PathologyFL is the federated learning layer for computational pathology experiments.

It focuses on the situation where multiple hospitals or institutions should collaborate on model training without directly sharing raw patient data. The infrastructure includes:

  • coordinator/client federated workflows,
  • local training loops,
  • weighted aggregation,
  • differential privacy hooks,
  • secure aggregation work,
  • byzantine/dropout robustness checks,
  • federated smoke tests,
  • and PCam simulated-site benchmarks.

The current federated experiments use real PCam pathology patches split into simulated sites. This validates the federated pipeline on real image tensors, but it is not the same as real hospital-level multi-center validation.

Read more: PathologyFL

4. FAIR-WEIGHTS-H

FAIR-WEIGHTS-H is the institutional weighting research component.

Standard federated averaging treats institutions uniformly or weights them by volume. FAIR-WEIGHTS-H explores a more auditable weighting scaffold based on signals such as:

  • validated contribution,
  • uncertainty,
  • subgroup coverage,
  • useful uniqueness,
  • anomaly penalties,
  • entropy,
  • and effective number of institutions.
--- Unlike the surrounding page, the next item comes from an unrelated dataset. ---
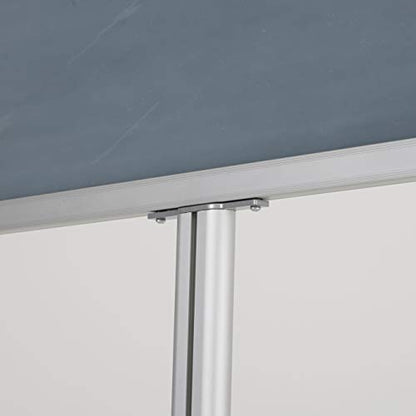 M&T Displays Sign Holder Stand, Silver 22x28 Inch Poster Frame Double Sided Slide-In Aluminum Easy Loading Floor Standing Pedestal Advertisement Post Commercial Menu Holder Round Heavyweight Base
The current status is deliberately conservative: FAIR-WEIGHTS-H has been tested for execution stability and aggregation behavior, but a performance or fairness advantage over simpler baselines still requires controlled validation.

Read more: FAIR-WEIGHTS-H

Main validation ladder

The project uses a staged validation ladder rather than treating every result as equal.

StageStatusMeaning
Synthetic smoke validationCompleteBasic plumbing and numerical stability checks
PCam patch-level validationCompleteReal pathology patch benchmark validation
PCam federated smoke testsCompleteFederated pipeline runs on real PCam patches split into simulated sites
PCam balanced federated benchmarkCompleteWeighting strategies compared under balanced simulated sites
PCam heterogeneous benchmarkCompleteDifferent weights produced, but no performance sensitivity observed
PANDA slide-level prostate benchmarkCompleteSlide-level MIL over Phikon feature bags
PANDA TransnnMIL ablationsCompletePatch cap, learning rate, and dropout ablations documented
Camelyon16/17 validationPlannedReal multi-center WSI validation target
Clinical validationNot completedRequires clinical workflow / patient-level validation and governance

Key results so far

PCam public-dataset benchmark

MetricValue
Validation AUC95.37%
Test accuracy85.26%
Test AUC0.9394
F10.8507

PANDA slide-level prostate benchmark

ModelBest validation QWK
Mean-pooled Phikon + MLP0.7274
Gated AttentionMIL0.8100
Tuned TransnnMIL, seed 420.8155
Tuned TransnnMIL, seed 1230.8225
Tuned TransnnMIL, seed 20250.8086

PANDA TransnnMIL ablation summary

RunBest validation QWKInterpretation
lr=3e-4, dropout=0.15, patch cap 6000.8155tuned reference setting
lr=1e-3, dropout=0.15, patch cap 6000.7403high learning rate unstable
lr=3e-4, dropout=0.25, patch cap 6000.8015higher dropout mildly hurts

Claim boundary

Research-only at this stage. Not clinically validated, not diagnostic software, and not currently used for patient care. Long-term goal is responsible clinical translation after proper validation, regulatory review, security review, usability testing, and deployment testing.

Research documentation. Not clinical validation or regulatory clearance.